Abstract CN42
Background
Protein kinase inhibitors (PKIs) are increasingly prescribed in cancer care. We aimed to evaluate the impact of a pharmacist-led interprofessional medication adherence program on patient implementation (dosing history), persistence (time until premature stop of the PKI) and adherence to 27 PKIs prescribed in different types of solid cancers.
Methods
Patients (n=118) were randomized 1:1 in two arms. All PKIs were delivered in electronic monitors (EM). In the intervention arm, pharmacists supported patient adherence through monthly electronic and motivational feedback including educational, behavioral, and affective intervention for 12 months. The control arm received standard care plus EM without intervention. Medication implementation and adherence were compared between groups using generalized estimating equation models, in which relevant covariables were included; persistence was compared with Kaplan-Meier curves. Oncologists prescribed regular treatment interruptions to help patients recover from side effects; this information was compiled in the analyses.
Results
PKI implementation was constantly higher in the intervention (n=58) than in control arm (n=60), 98.1% and 94.9% (Δ3.2%, 95% confidence interval (CI) 2.6%-3.7%) at 6 months. The probabilities of persistence and adherence were comparable between groups. The intervention benefited most to men (Δ5.4%, 95%CI 4.2-6.5), those who initiated PKI for more than 60 days (Δ4.6%, 95%CI 3.7-5.5), patients without a diagnosis of distant metastasis (Δ4.6%, 95%CI 3.4-5.7), those aged less than 60 years old (Δ4.1%, 95%CI 3.3-4.9) and those who had never used any adherence tools (Δ4.1%, 95%CI 3.4-4.7).
Conclusions
The interprofessional medication adherence program, led by pharmacists in the context of an interprofessional collaborative practice, supports implementation to PKIs in patients with solid cancers. In order to manage side effects, dose adaptations are often mandated, further supporting a proactive strategy aiming at supporting adherence. Longer-term medication adherence interventions, embedded in routine care, should provide results on the impact on progression-free survival.

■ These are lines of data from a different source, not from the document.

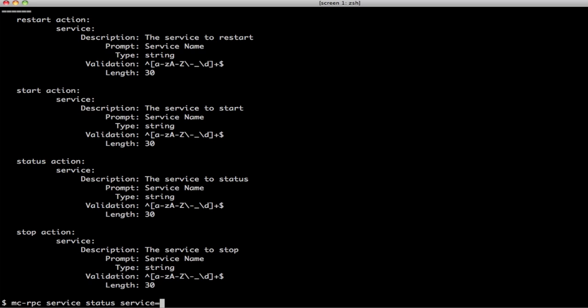Service equals HTTPD. So, if we look through the doc here, this is a service agent. It's a status action. It expects an input called service and you can get some information of what you're going to know. If you run it, it will now do your thing.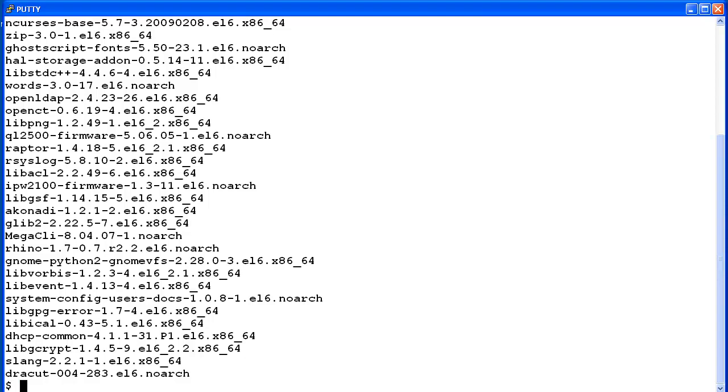To view just specific installed RPM packages, pipe the output to the RPM-QA command to the GREP command. For example, to see all the installed packages with lowercase CMS in the name, enter RPM-QA, pipe to grep space lowercase CMS.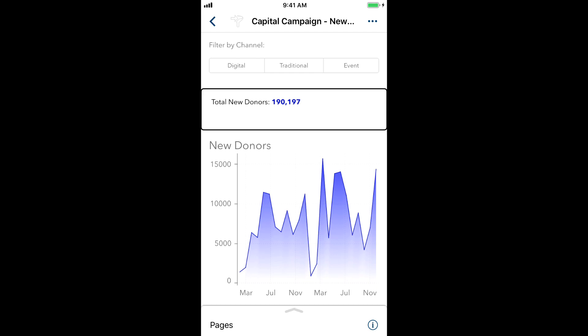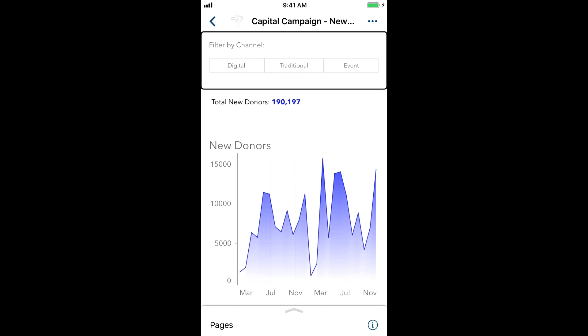Total new donors, 190,197. Filter by channel. No selection. Horizontal button filter control.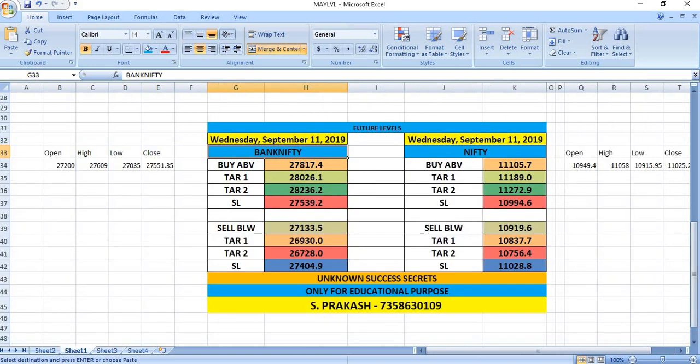Watch out the breakout levels of September 11th and trade safely. Thank you.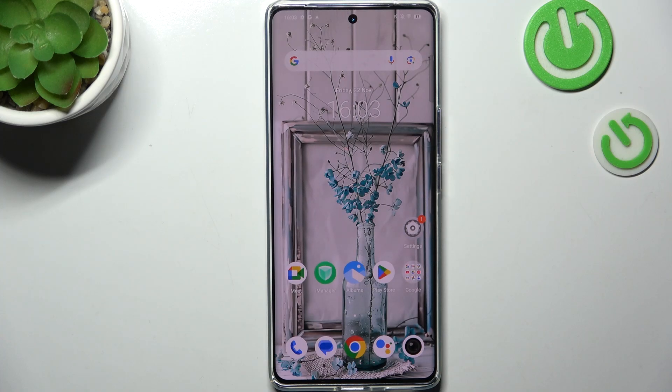Hi everyone. In front of me I've got the Vivo V30, and let me share with you how to change the three-button navigation into gestures on this device.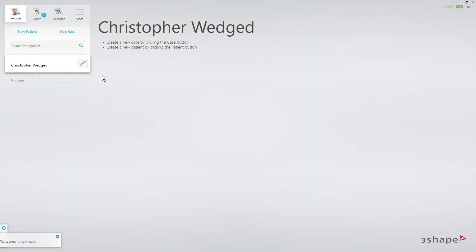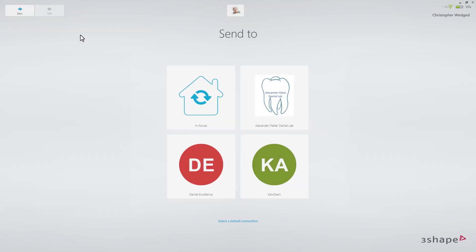This video will demonstrate the workflow for an inlay, onlay, and veneer. On the patient's page, click New Case. Next, select a lab.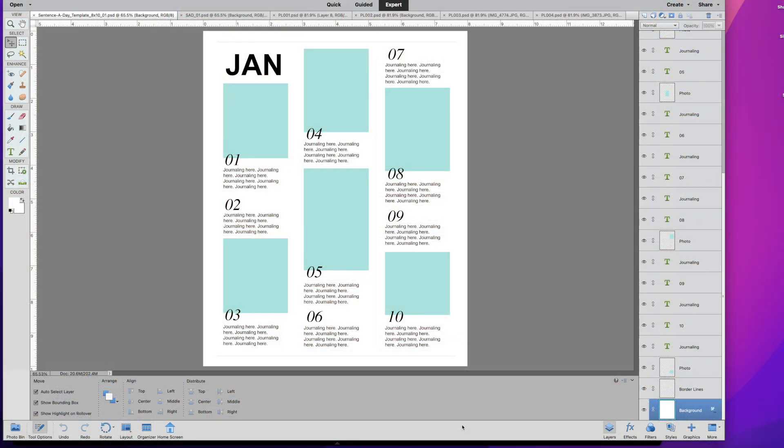Hey everyone, it's Shannon. Happy New Year. Can you believe that we are in 2024? I cannot, but here we are nonetheless.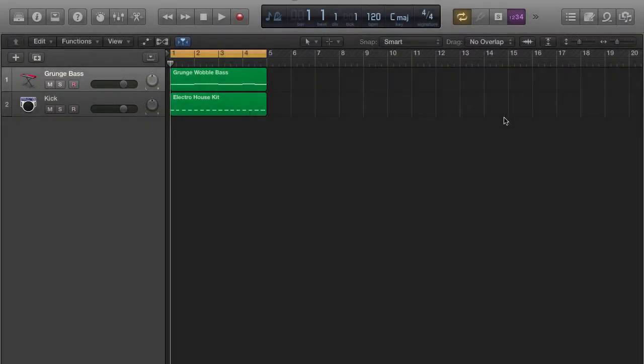Alright, so in this lecture I'm going to go over how to do the side chaining effect on Logic Pro X.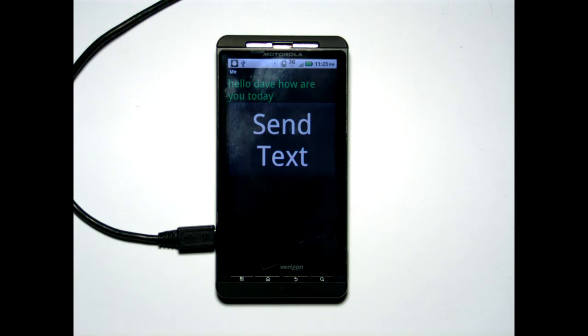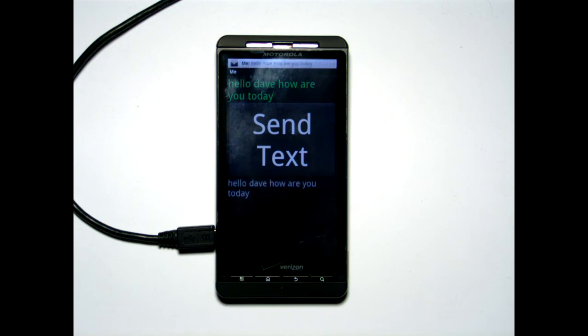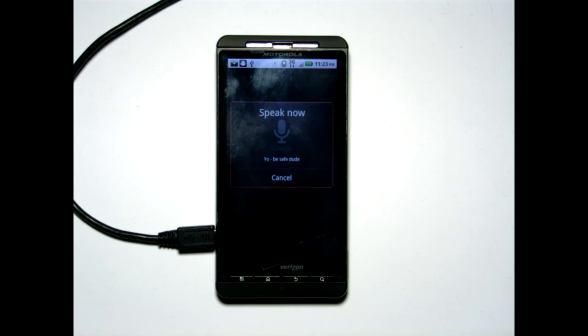It needs to do that because voice recognition sometimes gets it wrong, and sometimes it can really be funny. So if we get any texts from me, you'll see what happens in a second. 'Hello Dave, how are you today?' You can see that any texts you receive from the contact that you selected is read back to you using text-to-speech. So here, without looking at your phone, you can go ahead and text all you want.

Clinical trial identification
NCT04484064.
Editorial acknowledgement
Legal entity responsible for the study
Department of Oncology, Lausanne University Hospital and University of Lausanne, Lausanne, Switzerland Center for Primary Care and Public Health (Unisanté), University of Lausanne, Lausanne, Switzerland.
Funding
Swiss Cancer Research Foundation, grant HSR-4077-11-2016.
Disclosure
All authors have declared no conflicts of interest.